Measuring Whether Research-Backed Roadmaps Work

The ultimate test is whether research-informed prioritization leads to better outcomes. Several metrics reveal this impact.

Feature adoption rates measure whether customers actually use what you build. Industry benchmarks suggest that 40-50% of features achieve meaningful adoption (typically defined as use by 20%+ of target users within 90 days of launch). Teams that systematically incorporate research into prioritization typically see adoption rates of 65-75%, with the improvement driven by better understanding of which features customers actually need and will use.

Adoption velocity—how quickly customers start using new features—also improves with research-backed roadmaps. When features align with existing customer workflows and mental models, adoption happens faster. When they require behavior change or solve problems customers don’t recognize, adoption is slow. Research helps teams identify these patterns before building, either improving the feature design or setting realistic adoption expectations.

Customer satisfaction with the product roadmap provides another signal. Regular surveys asking customers whether recent releases addressed their needs typically show 50-60% positive response. Teams using research to inform prioritization often see this rise to 70-80%, with customers reporting that the company “understands what we need” and “builds features we actually use.”

Resource efficiency matters as well. Building features that customers don’t adopt wastes engineering capacity. Teams that measure engineering time spent on features that fail to achieve adoption targets often find 30-40% of capacity goes to low-impact work. Research-backed prioritization typically reduces this waste to 15-20%, freeing resources for higher-impact initiatives.

Competitive win rates in deals where product capabilities are a key decision factor provide external validation. When research reveals which capabilities actually drive purchase decisions—as opposed to which ones customers mention in RFPs—teams can prioritize features that improve win rates rather than features that check boxes.

The Path Forward

Prioritization frameworks like RICE and Kano aren’t flawed—they’re incomplete without research. They provide structure and rigor for comparing opportunities, but they depend entirely on the quality of inputs.

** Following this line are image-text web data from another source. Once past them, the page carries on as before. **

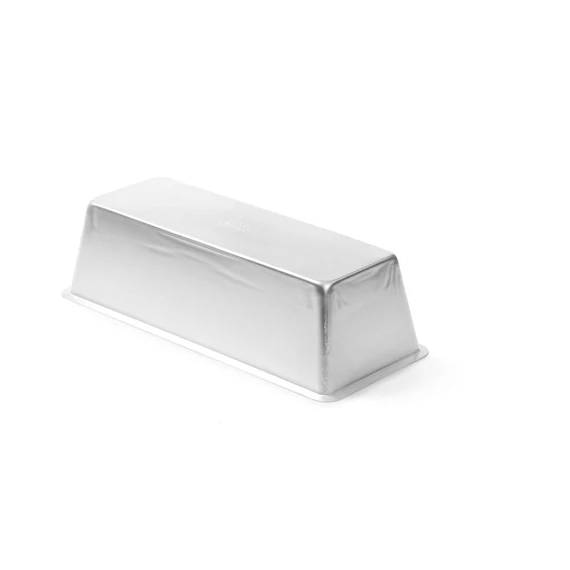 Szögletes sütőforma, HENDI, 260x100x(H)75mm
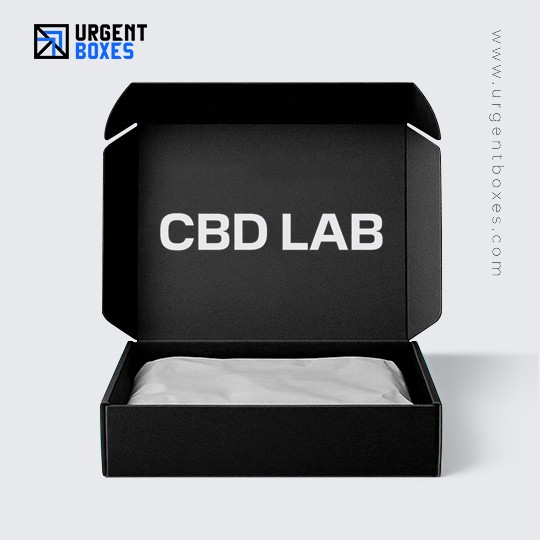 CBD gift packaging boxes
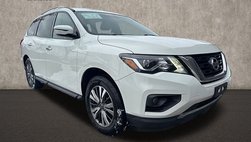 2019 Nissan Pathfinder SV
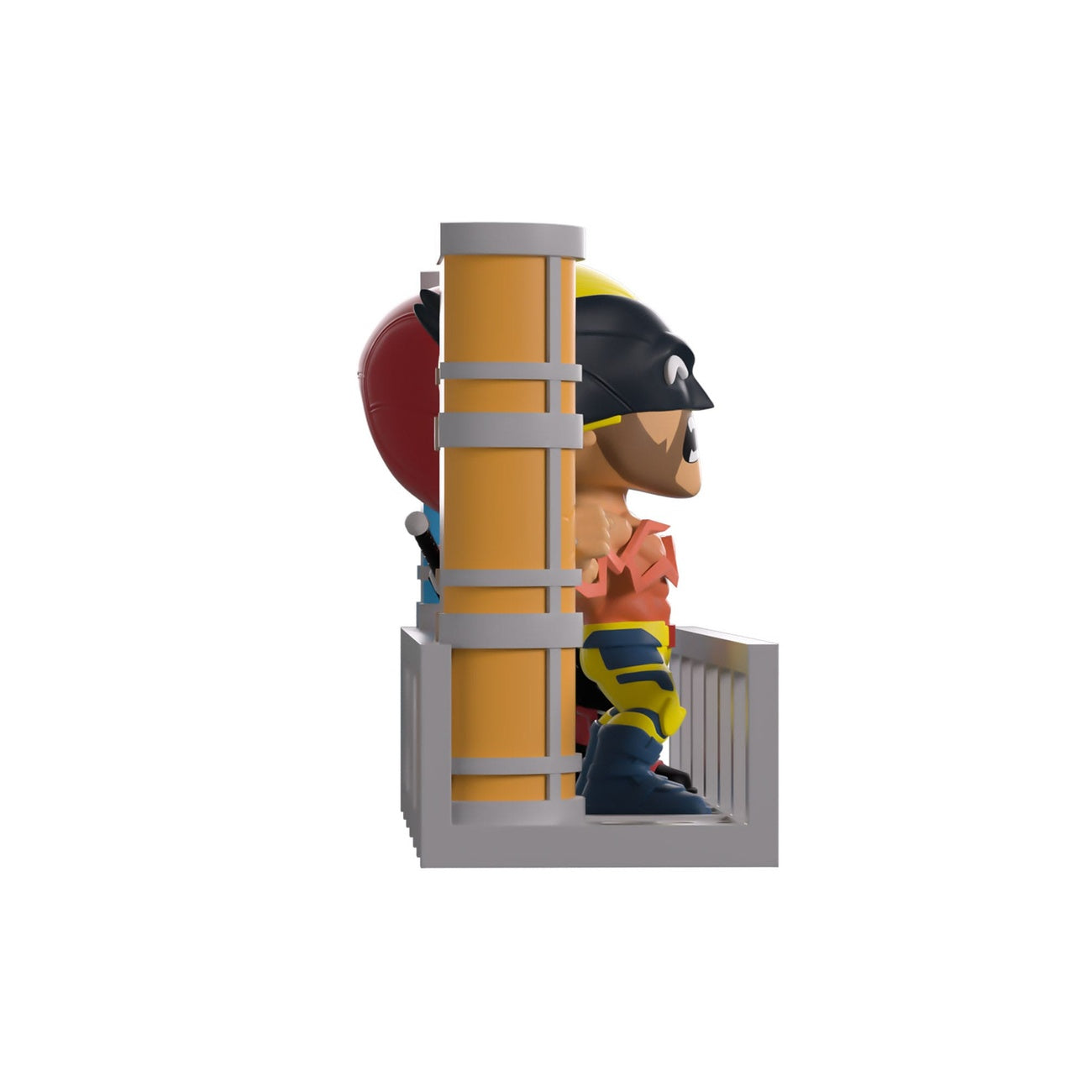 Productafbeelding Deadpool & Wolverine vinylfiguur Deadpool & Wolverine 11 cm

Feed them assumptions, and they’ll give you precisely calculated guesses. Feed them research-backed insights, and they become powerful strategic tools.

The shift from assumption-based to research-backed roadmapping requires changes in process, capability, and culture. Process changes mean conducting research before prioritization rather than after, integrating research insights into framework inputs systematically, and establishing research rhythms that align with planning cycles. Capability changes mean building research literacy across product teams, establishing methods for translating insights into prioritization inputs, and potentially adopting technology platforms that make research faster and more accessible. Cultural changes mean valuing evidence over opinions, acknowledging uncertainty honestly, and being willing to revise estimates when research reveals new information.

The payoff for making these changes is substantial. Higher feature adoption rates mean less wasted engineering capacity. Better alignment with customer needs means higher satisfaction and lower churn. More accurate prioritization means resources flow to initiatives that actually drive business outcomes. In competitive markets where product differentiation matters, these advantages compound over time.

The question isn’t whether to use prioritization frameworks—they’re too valuable to abandon. The question is whether to use them with honest inputs based on research, or continue feeding them assumptions and hoping for the best. Teams that choose research-backed prioritization don’t just build better roadmaps. They build better products.